Eran los años cuando “el futuro pertenecía por entero al socialismo” (abril de 1982) y yo estaba leyendo el libro de George Orwell, 1984.
Orwell vaticinó en su libro que a los habitantes de Oceanía, donde se desarrollaba la trama de su novela, les darían un café aguado al cual las autoridades totalitarias llamarían eufemísticamente “el café de la victoria.”
Un día de abril de ese año, en una de esas mañanas azules de La Habana, venía andando con mi libro semidestartalado debajo del brazo -se le caían las páginas-, el cual estaba disfrutando enormemente, camino a Infanta y San Rafael, donde una cafetería hacía esquina. Vendían café y pedí uno. Al probarlo, pregunté por qué sabía tan raro. Me explicaron que eran los primeros días en que ligaban el chícharo con el café.
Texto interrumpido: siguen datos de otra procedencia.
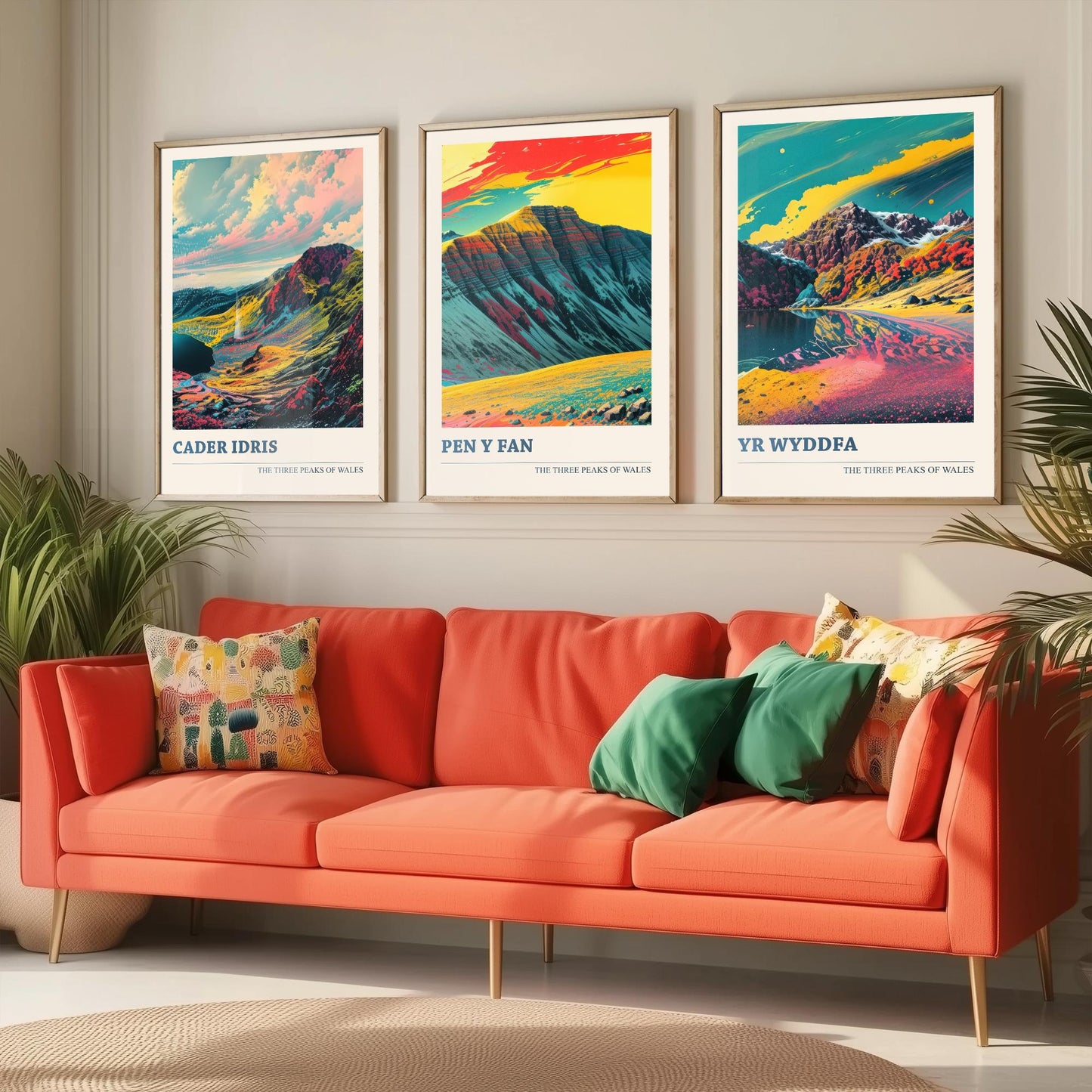 Set of Three Welsh Three Peaks Art Prints - Cader Idris, Pen y Fan, Yr Wyddfa - 3 Wales Mountain Posters Illustration V2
Me dio tal ataque de risa que tuve que sentarme un rato a recuperar la respiración. No podía creer que Orwell, en su novela, hubiese vaticinado un evento como ese en una sociedad totalitaria como la cubana.
A partir de ahí, para mi círculo íntimo de amigos, el café aguado con chícharos fue el “café de la victoria”, en honor a George Orwell.